Thursday, December 12, 2013
Connie Cass / The Associated Press
(Continued from page 1)
This Oct. 19, 2012 file photo shows thee audience, who were mostly women, listen behind President Barack Obama as he speaks about the choice facing women in the election during a campaign event at George Mason University in Fairfax, Va. Sorry, fellas, but President Barack Obama’s re-election makes it official: Women can overrule men at the ballot box. For the first time in research dating to 1952, the candidate whom the most men chose – Mitt Romney – lost. More women voted for the other guy. It’s surprising it didn’t happen sooner, since women have been voting in larger numbers than men for almost three decades, exit polls show. (AP Photo/Susan Walsh, File)
When the nation as a whole drifts to the left or right on the big government-small government debate, the gap between men and women fluctuates. Men and women shift their views in the same direction, Kellstedt said, but men as a group tend to change their minds faster and move their views farther.
"The variation among men's opinions is larger," he said. "The flighty, moody ones are the men, not the women."
He said this difference of opinion on the role of government isn't big enough to entirely explain the larger gender gap in voting, however. "It's a little bit of a puzzle."
Women as a group voted Democratic in the past six presidential races, from 1992 through 2012, according to exit polls. The last time they decisively supported a Republican was Ronald Reagan's re-election in 1984. The Reagan years were when Americans first began taking note of the "gender gap," as women's rights groups emphasized that female support for Reagan in 1980 was narrow while male voters overwhelmingly endorsed him.

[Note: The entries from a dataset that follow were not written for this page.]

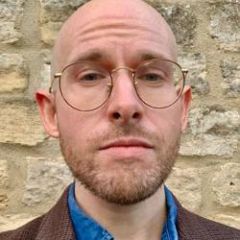A man with glasses with a short beard in front of a stone wall.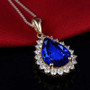 close up of tanzanite and diamond halo necklace in 14k yellow gold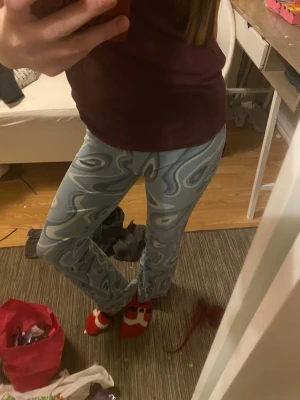 Gröna psykedeliska bootcut byxor - Säljer ett par gröna bootcut byxor med psykedeliskt mönster i olika gröna toner. De har medel midja och är gjorda i ett mjukt, stretchigt syntetmaterial som sitter tight upptill och släpper vid benen. Perfekt för dig som gillar coola mönster.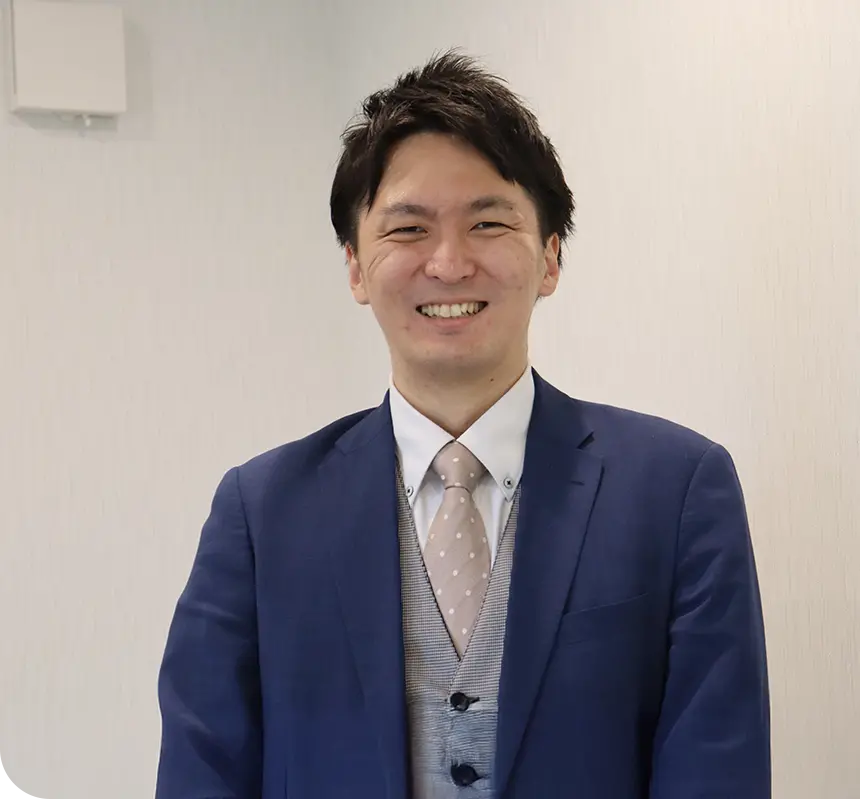 採用担当 成澤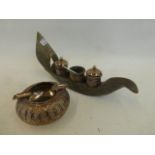 An Indian silver cruet set in a carved horn holder, with a silver ashtray.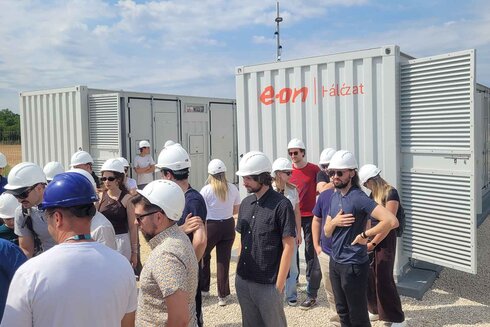 Gruppe von Menschen mit Helmen vor Containern auf einer Baustelle.
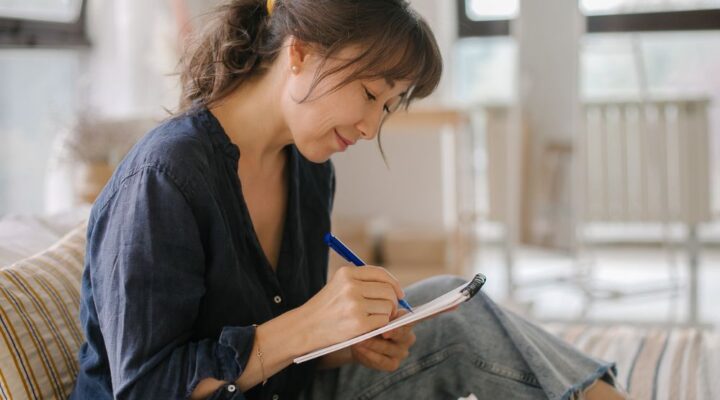 Woman sitting comfortably indoors, smiling as she writes in a notebook
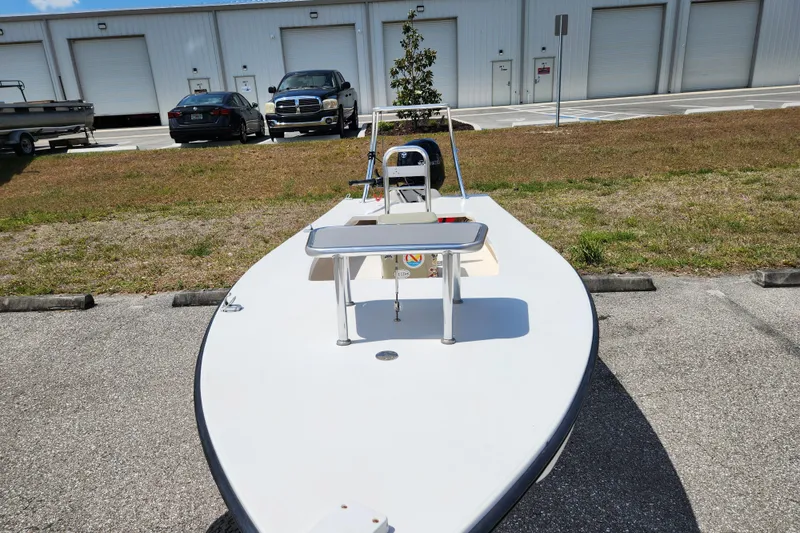 Slide: The Image of 2020 Spear Boatworks Evergladez in parking lot, front view with clear sky background. - 7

Men lean Republican but play the field. In the past six presidential races, men voted Republican three times, Democratic twice (including barely supporting Obama in 2008), and essentially split their vote in the 1996 Bill Clinton-Bob Dole race, exit polls show.
This year Obama campaigned on giving a leg up to those needing education, health care or job training. Romney talked about shrinking government, except for the military, and said overgrown social programs were creating a culture of dependency. Their arguments fit the long-running fissure of the gender gap.
"Women stuck with Obama," said Karen Kaufmann, a University of Maryland associate professor who studies the gender gap. "We didn't see a lot of movement from women. The movement was really men going back to the Republican Party."
Women's support for Obama dropped just 1 percentage point from 2008; they voted for him by 55 percent to 44 percent this time. Men's support for Obama dropped 4 points, flipping them to Romney's side, by a 52-45 margin. Women were 10 percentage points more likely to vote for Obama than men were, according to the survey of voters at the polls conducted for The Associated Press and television networks.
Gallup polling has tracked the gender gap since 1952. Gallup says this year's gender divide was 20 percentage points, the largest ever using its method of calculation.
The gender gap isn't just a white thing. It exists even among minorities that vote overwhelmingly Democratic. Obama got 96 percent of black women's votes, but 87 percent of black men's, compared with 76 percent of Hispanic women and 65 percent of Hispanic men, according to the exit poll.
"We group together this white male vote and sort of put that in the Republican ledger and we don't talk enough about all the various subgroups that fit within men and the multiple issues and currents that determine how they're going to vote," said sociologist Donald Levy, director of the Siena College's research institute.
"The Democrats aren't succeeding with some of these folks," Levy said. The Democratic Party needs to figure out why, he said, the same way "the Republicans are doing some soul-searching about how they can appeal to women."